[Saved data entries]

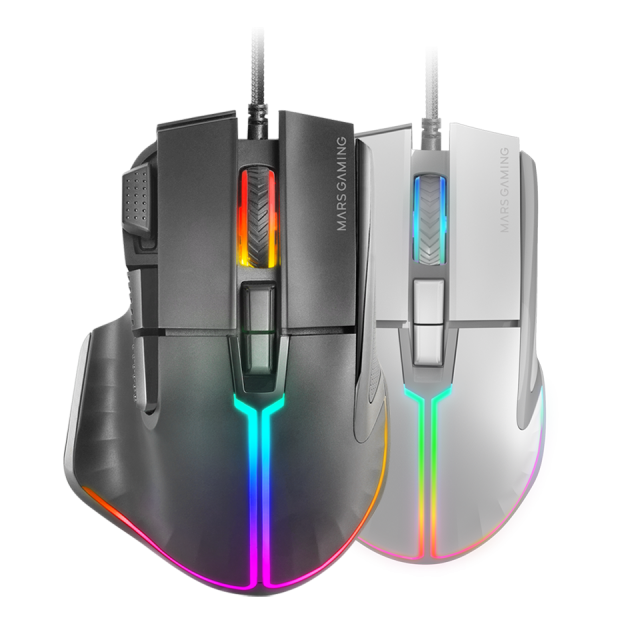 MOUSE GAMING MM-XT
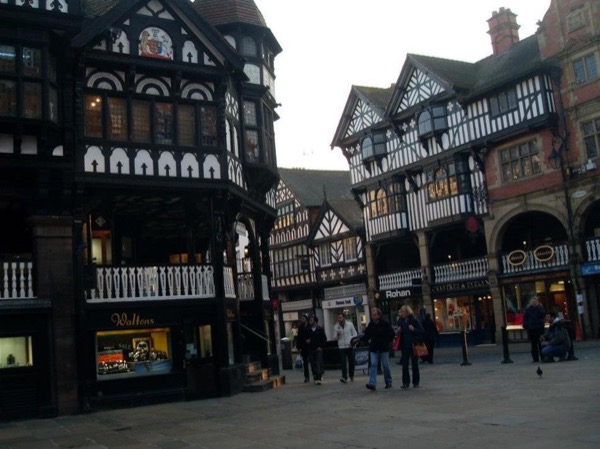 Full Day Trip to Chester & Liverpool Shore Excursion Tour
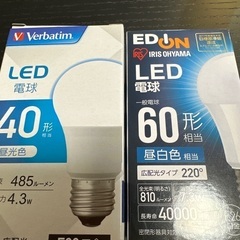 LED電球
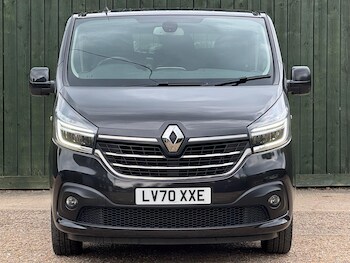 Used Renault Trafic 2020 for sale - 78527766: Photo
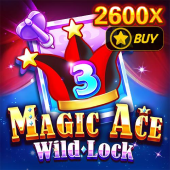 Magic Ace ম্যাজিক এস slot গেমের আইকন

- [DIRECTIONS FOR THIS TASK]:
Write out, exactly as they stand, the line with "Used Renault Trafic" and every line after it through the end of the entries above; omit the pictures.

- [EXERCISE RESPONSE]:
 Used Renault Trafic 2020 for sale - 78527766: Photo
 Magic Ace ম্যাজিক এস slot গেমের আইকন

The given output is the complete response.